▶ **WHAT YOU ARE ASKED TO DO**
From the entries, copy each line that includes "Table".
══ DATA TO USE
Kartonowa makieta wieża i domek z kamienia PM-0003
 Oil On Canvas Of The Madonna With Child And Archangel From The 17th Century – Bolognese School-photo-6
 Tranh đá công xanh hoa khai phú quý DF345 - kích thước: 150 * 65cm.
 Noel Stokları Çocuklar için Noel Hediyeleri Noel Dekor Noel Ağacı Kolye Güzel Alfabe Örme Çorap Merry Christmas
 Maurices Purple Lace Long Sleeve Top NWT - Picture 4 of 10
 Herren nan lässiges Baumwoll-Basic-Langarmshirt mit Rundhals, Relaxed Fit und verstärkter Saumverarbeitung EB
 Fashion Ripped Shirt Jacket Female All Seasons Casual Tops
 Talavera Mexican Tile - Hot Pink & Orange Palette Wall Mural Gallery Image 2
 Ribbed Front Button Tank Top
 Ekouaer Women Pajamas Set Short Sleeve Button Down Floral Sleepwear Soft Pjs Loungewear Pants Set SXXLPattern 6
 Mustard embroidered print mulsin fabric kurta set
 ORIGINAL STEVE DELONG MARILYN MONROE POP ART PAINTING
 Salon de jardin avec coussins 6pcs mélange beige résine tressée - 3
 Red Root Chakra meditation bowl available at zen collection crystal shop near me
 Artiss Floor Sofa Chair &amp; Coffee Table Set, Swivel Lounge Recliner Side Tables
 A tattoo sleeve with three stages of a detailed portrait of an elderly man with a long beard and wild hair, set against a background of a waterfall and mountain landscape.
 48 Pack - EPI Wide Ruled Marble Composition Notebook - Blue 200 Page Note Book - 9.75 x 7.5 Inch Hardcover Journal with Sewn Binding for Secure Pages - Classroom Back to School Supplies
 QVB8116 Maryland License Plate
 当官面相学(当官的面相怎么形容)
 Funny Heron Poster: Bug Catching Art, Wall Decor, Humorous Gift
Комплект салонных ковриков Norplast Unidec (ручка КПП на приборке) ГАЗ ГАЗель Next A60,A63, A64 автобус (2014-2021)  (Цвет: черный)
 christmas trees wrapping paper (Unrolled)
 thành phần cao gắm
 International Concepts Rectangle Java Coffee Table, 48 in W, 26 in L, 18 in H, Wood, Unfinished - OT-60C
════
▶ **TASK RESULT**
 Artiss Floor Sofa Chair &amp; Coffee Table Set, Swivel Lounge Recliner Side Tables
 International Concepts Rectangle Java Coffee Table, 48 in W, 26 in L, 18 in H, Wood, Unfinished - OT-60C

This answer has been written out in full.